Congresswoman Yvette D. Clarke, who represents neighborhoods including Brownsville, Crown Heights and Flatbush in New York’s 11th District and voted against the legislation, said the Republican-led amendment was “nothing more than misdirection.”

“Under the guise of deficit reduction and blocking abortion access, neither of which will be impacted by Title X, this legislation does nothing more than attack women’s access to health care,” said Clarke.

“Supporters of the Pence Amendment made it clear on the House floor that their goal was to eliminate the services of Planned Parenthood and cut off women’s access to abortions,” said Clarke. “However, as no federal funds go toward abortion, the actual motive behind such tactics speaks for itself.”

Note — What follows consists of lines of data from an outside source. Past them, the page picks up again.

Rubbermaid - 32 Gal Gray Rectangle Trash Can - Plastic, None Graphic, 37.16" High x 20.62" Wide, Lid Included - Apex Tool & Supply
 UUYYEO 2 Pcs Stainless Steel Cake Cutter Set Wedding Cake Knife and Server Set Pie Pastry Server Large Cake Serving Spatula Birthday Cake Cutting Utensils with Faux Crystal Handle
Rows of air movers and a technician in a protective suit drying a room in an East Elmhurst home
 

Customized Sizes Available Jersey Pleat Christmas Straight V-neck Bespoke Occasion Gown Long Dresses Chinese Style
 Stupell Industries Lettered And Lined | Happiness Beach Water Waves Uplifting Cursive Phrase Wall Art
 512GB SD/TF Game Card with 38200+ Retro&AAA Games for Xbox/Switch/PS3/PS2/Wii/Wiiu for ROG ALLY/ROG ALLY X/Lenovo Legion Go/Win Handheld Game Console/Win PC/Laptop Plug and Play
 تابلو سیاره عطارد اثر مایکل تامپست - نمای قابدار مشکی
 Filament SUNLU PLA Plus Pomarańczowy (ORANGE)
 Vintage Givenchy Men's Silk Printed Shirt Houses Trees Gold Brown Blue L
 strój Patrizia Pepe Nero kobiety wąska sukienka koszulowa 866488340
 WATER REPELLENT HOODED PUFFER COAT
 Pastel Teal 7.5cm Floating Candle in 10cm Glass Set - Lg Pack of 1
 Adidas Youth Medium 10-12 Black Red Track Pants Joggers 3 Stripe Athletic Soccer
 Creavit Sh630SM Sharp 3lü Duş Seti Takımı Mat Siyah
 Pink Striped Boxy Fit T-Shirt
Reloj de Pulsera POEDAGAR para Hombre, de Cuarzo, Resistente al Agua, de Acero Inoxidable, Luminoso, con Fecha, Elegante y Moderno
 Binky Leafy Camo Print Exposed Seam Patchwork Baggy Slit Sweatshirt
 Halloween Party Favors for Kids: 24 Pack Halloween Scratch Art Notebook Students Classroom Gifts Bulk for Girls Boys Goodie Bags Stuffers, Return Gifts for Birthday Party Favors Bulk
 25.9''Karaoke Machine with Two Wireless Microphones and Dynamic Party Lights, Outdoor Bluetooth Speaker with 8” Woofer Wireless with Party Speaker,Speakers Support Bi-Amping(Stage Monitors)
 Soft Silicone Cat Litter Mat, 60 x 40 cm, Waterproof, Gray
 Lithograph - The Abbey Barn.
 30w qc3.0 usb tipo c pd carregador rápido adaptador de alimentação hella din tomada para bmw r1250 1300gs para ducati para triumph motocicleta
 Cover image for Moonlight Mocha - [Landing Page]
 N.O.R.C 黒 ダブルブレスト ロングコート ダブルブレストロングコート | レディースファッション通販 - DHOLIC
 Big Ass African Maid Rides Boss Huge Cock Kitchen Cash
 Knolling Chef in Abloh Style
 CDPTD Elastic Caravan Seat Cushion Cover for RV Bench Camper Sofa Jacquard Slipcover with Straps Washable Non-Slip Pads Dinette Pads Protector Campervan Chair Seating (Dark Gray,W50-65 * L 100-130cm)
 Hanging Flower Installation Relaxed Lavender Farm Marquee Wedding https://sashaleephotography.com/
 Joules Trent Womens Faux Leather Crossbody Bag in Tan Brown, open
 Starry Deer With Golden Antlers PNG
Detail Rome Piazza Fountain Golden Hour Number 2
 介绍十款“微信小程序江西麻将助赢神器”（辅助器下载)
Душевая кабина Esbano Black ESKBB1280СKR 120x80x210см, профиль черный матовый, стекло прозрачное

So if it isn’t really about cutting government costs, what is the Pence Amendment about? A “callous disregard to women’s rights,” according to New York Assembly Member Linda Rosenthal, who spoke with passion and clarity as one of over 40 speakers at the protest.

From politicians to musicians, straight women to gay men, the protesting crowd was as diverse as it was loud. Elaborate pictures and even sculptures were part of the signs held to make sure no one could miss their point, all the while protesters screamed, in poetic unison, classic protest chants like, “What do you want? CHOICE! When do you want it? NOW!”

“This is what democracy really means,” said Edna Bonhomme, 26, a young African-American member of the International Socialist Organization. “We have to organize and express. Democracy doesn’t end on Election Day. The people we elect have to be held accountable.”

And there has been no shortage of accountability since the House bill was passed. The sheer speed in which the protest was organized and its subsequent success speaks volumes to the dedication that people—transcending racial and socio-economic barriers—have to point out the wrongdoing of the 240 representatives who voted for the legislation.

The numbers against the legislation do not lie and neither do the statistics against it.

“The conservative estimates are that for every dollar spent on contraception, $4 are saved,” said Miller, who believes that the services offered by the very programs the amendment condemned surpassed any kind of gain the bill could claim.

Without the federal funding, which the CEO of Planned Parenthood states is about two-thirds of their budget, the wide-reaching organization is at the forefront of a grim reality.

“It would be hard to continue our services at the level that we did,” said Sackin, “Obviously we’d do everything we could, [but] what it means if this passes is that more women would go undiagnosed with cancer, more women will contract STIs or STDs, [and] more women will have unwanted babies.”

Whether radical or reactionary, no one can deny the truth and horror in that statement. Through all of the outrage and the united attacks against it, the Pence Amendment and all of its supporters should have learned at least one thing: The bill is unlikely to be passed as it is currently written in the Senate, and if it did survive intact, it would likely be vetoed by President Barack Obama.